Despite having access to the same sources and resources, and despite living in a climate that fostered conformity and homogeneity, Western medieval scholars developed a written culture of disputation, dissent and polemics. They reached different conclusions after reading the same works, critiqued each other, vied for having the last word on questions of philosophy, ethics and politics. There was agreement on fundamental issues, but much detail was left for authors to differ on.
In the 11th century, authors were debating calendar reform. Should the year begin on 1 January, or on the Annunciation, or even at Christmas? How old was the universe? Was Christ born on year 1 or some 20 years later? From England to Italy, authors picked up the pen to expound their ideas and critique those of others.

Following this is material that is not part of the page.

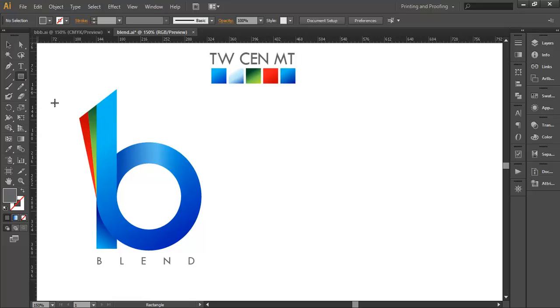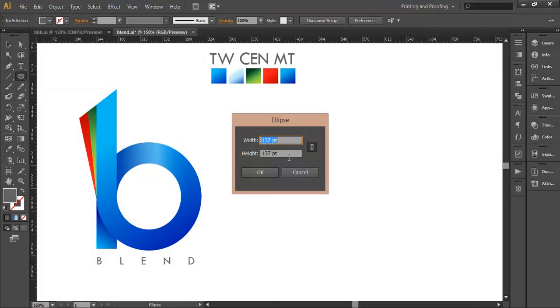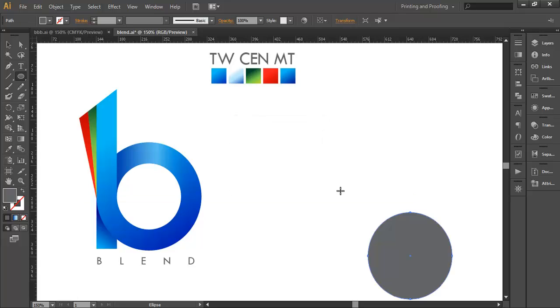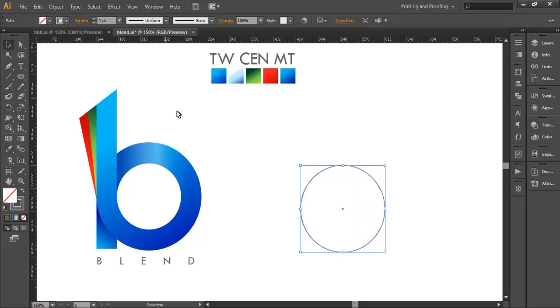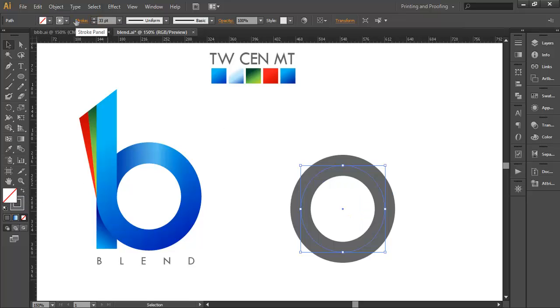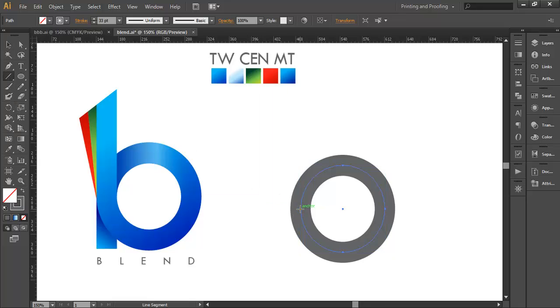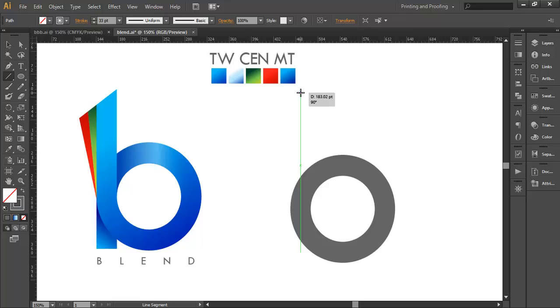Select the ellipse tool and make a circle of radius around 137 points. Give it some stroke color and make the stroke around 33 points. With the line segment tool, from this point with Shift pressed, just make a straight line of certain length.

The literary legacy of the Greco-Roman world had never been cancelled in the West, despite some voices periodically calling for a clean break from the pagan past. The classics, those whose works survived the precarity of scribal culture and the frailty of literacy and education in post-Roman Europe, found a place in the curriculum of the medieval schools, whether monastic or secular. While the culture of the pre-Christian past was accepted, it wasn’t clear who was to be included in the canon and who wasn’t. Scholars debated that, too.

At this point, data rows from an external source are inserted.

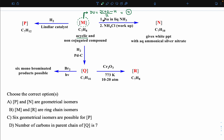Now the first reaction reagent is sodium in liquid ammonia — that's a Birch reduction. This reagent reduces only a non-terminal triple bond. So it is now very clear that the compound has one non-terminal triple bond. One triple bond accounts for two degrees of unsaturation, leaving two more degrees of unsaturation still to be accounted for.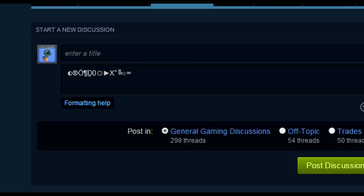Alright guys, hope you learned something. If you got any questions, put them in the comments. Genius Pie Trap, over and out. Later!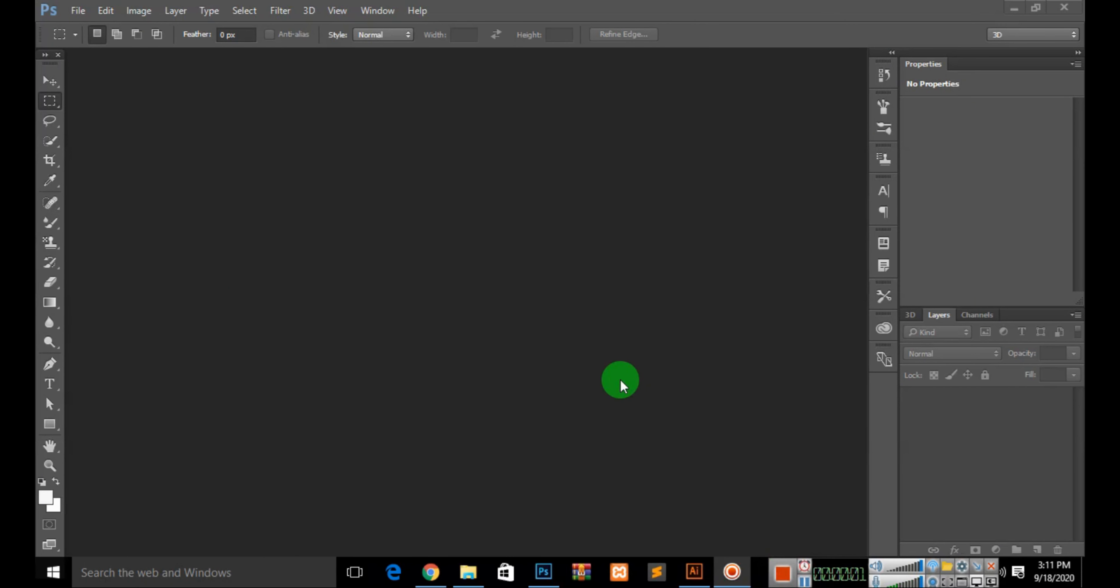Assalamu alaikum friends, I am Suna Stream. You are watching my channel The Simple Technique. Today I will show you how to change your PNG image color.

How far can sensational history go before it’s dismissed as fiction? Writing in the 12th century, the Welsh ‘historian’ Geoffrey of Monmouth presented King Arthur, Merlin and his world of knights and magic as a historical fact. He didn’t have to wait till the age of textual criticism for his ‘History of the Kings of Britain’ to be dismissed as pure fiction. His own contemporaries, such as the English historian William of Newburgh, rose against Geoffrey’s claim that the fantasy world he described was part of British history. William was furious, accusing Geoffrey of ‘inventing ridiculous fictions’, ‘unscrupulously promulgating mendacious prophecies of one Merlin’ as a ‘person ignorant of ancient history’. The frontal attack takes us to the heart of the medieval culture of disputation and polemical debate. To imagine the colourful world of the medieval West as a monochrome frame of plainchant-type thinking and writing is to fictionalise the past and miss out on a lot of exciting stuff.